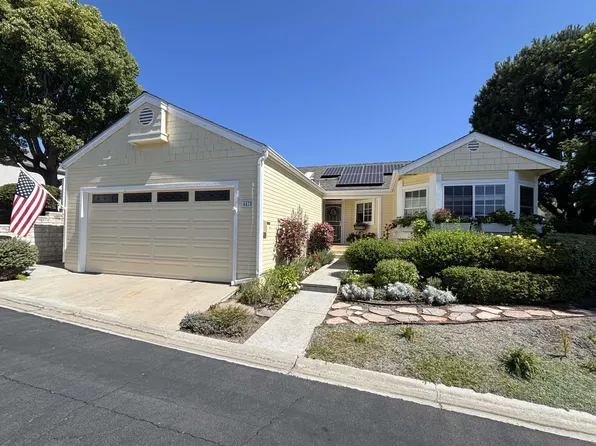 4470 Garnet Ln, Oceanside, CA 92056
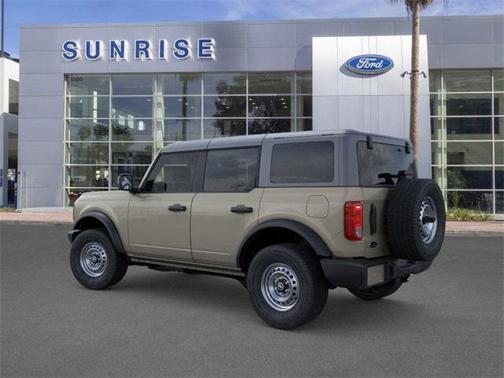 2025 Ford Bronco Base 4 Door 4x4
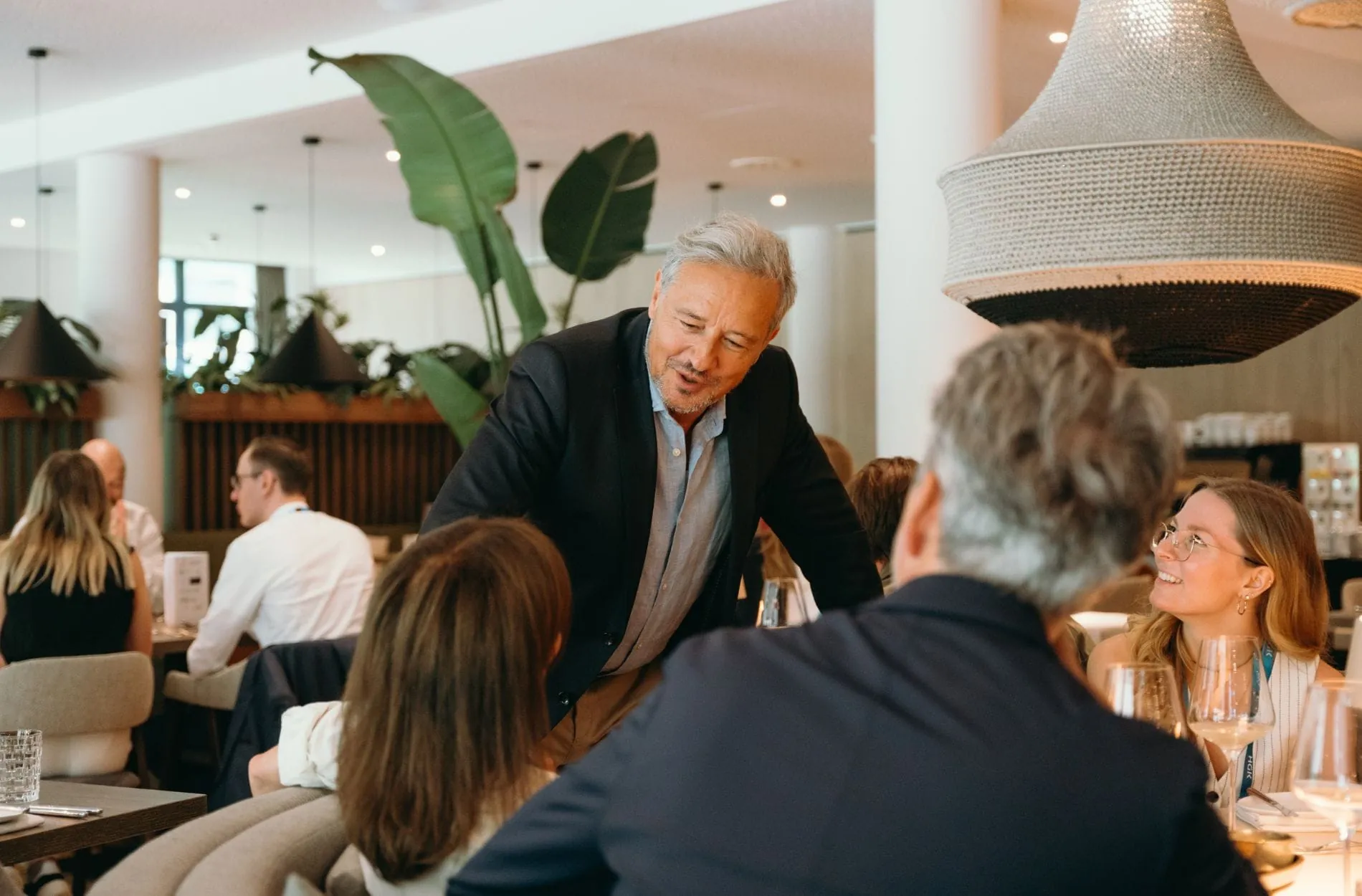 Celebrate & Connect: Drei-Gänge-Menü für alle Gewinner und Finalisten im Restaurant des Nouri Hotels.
...
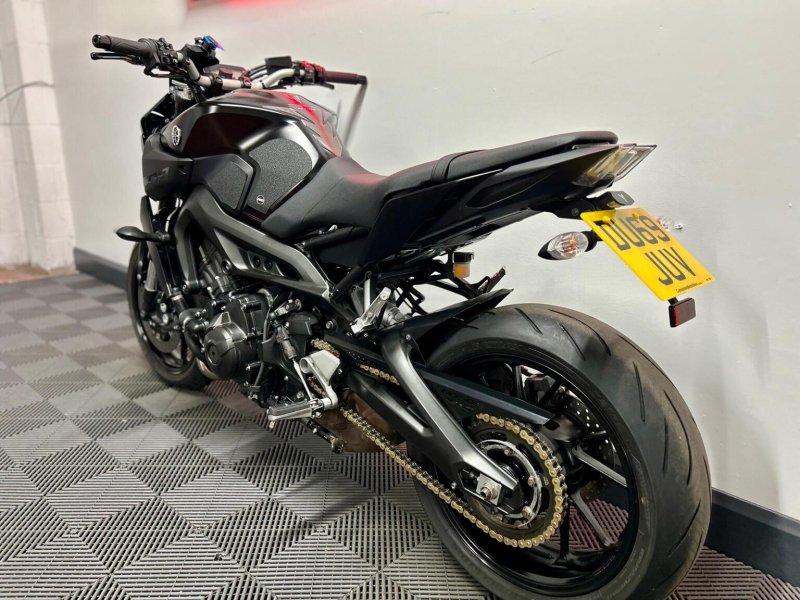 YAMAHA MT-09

» YOUR INSTRUCTIONS
Without the pictures, give again exactly the lines above starting at the line containing "4470 Garnet Ln, Oceanside, CA 92056" and ending at the line containing "Celebrate & Connect: Drei-Gänge-Menü".

» EXPECTED ANSWER
 4470 Garnet Ln, Oceanside, CA 92056
 2025 Ford Bronco Base 4 Door 4x4
 Celebrate & Connect: Drei-Gänge-Menü für alle Gewinner und Finalisten im Restaurant des Nouri Hotels.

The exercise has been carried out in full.